Tatiana Homonoff was visiting a friend in Washington, D.C., when she noticed that everybody seemed to carry a reusable shopping bag.

When Homonoff remarked on it, her friend explained that the city had recently implemented a 5-cent tax on disposable bag use. Some supermarkets paid shoppers a nickel if they brought their own reusable bag, but nobody really responded — including her friend — until they knew it would cost them something.

“It wasn’t until the tax was passed that she began bringing her own bags,” said Homonoff, a professor at NYU, said in an interview with the AEA. “I thought, there’s a paper here.”

The paper inspired by that conversation was just published in the November issue of the American Economic Journal: Economic Policy. In it, Homonoff examines the extent to which small incentives —  in this case, a nickel tax on disposable plastic bags — can change how people behave, and whether penalties for bad behavior are more effective than rewards for good behavior.

The paper highlights how relatively tiny monetary incentives can have significant impacts on consumer behavior, and the importance of how those financial incentives are designed.

Americans use 380 billion plastic bags a year, only a fraction of which get recycled. There have been many attempts to shift consumers toward reusable bags, including stores that rewarded shoppers with a 5-cent credit for every reusable bag they brought to carry out items.

It was unclear whether these “bonuses” were as effective as D.C.’s 5-cent bag tax. Would shoppers be as likely to bring tote bags if they knew they’d be gaining money versus losing it?

In theory, it shouldn’t matter. Both provide a five-cent incentive to bring a reusable bag. But in reality, that’s not how humans behave.

Research by Daniel Kahneman, Amos Tversky, and other behavioral economists have shown that individuals are more sensitive to losses than gains. But much of that work has focused on large rewards — like pay-for-performance bonuses worth thousands of dollars. Homonoff wondered whether the same would be true for these bag policies, especially since the incentives were so small.

“That was an open question,” she said. “Does it look like what we’re seeing for these very large incentives... hold up for just five cents?”

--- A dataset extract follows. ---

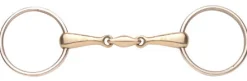 ERS Ovation® Elite Loose Ring Snaffle Bit 16MM- English Horse Bits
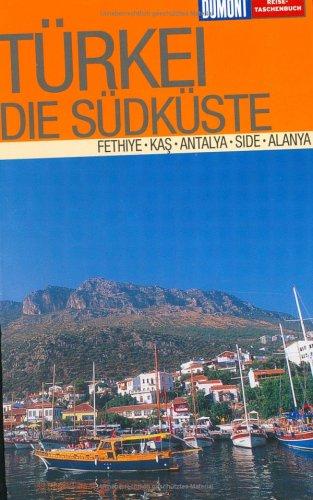 DuMont Reise-Taschenbücher, Türkische Südküste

After Homonoff’s trip to Washington, Maryland’s Montgomery County established its own bag tax, opening an opportunity for Homonoff to study the policy’s effects. She spent several weeks hanging out in grocery stores to collect data. Her dataset included more than 16,200 individual customers from around the Washington Metro area, including the Maryland suburbs where the tax was implemented and Virginia where no tax was in place.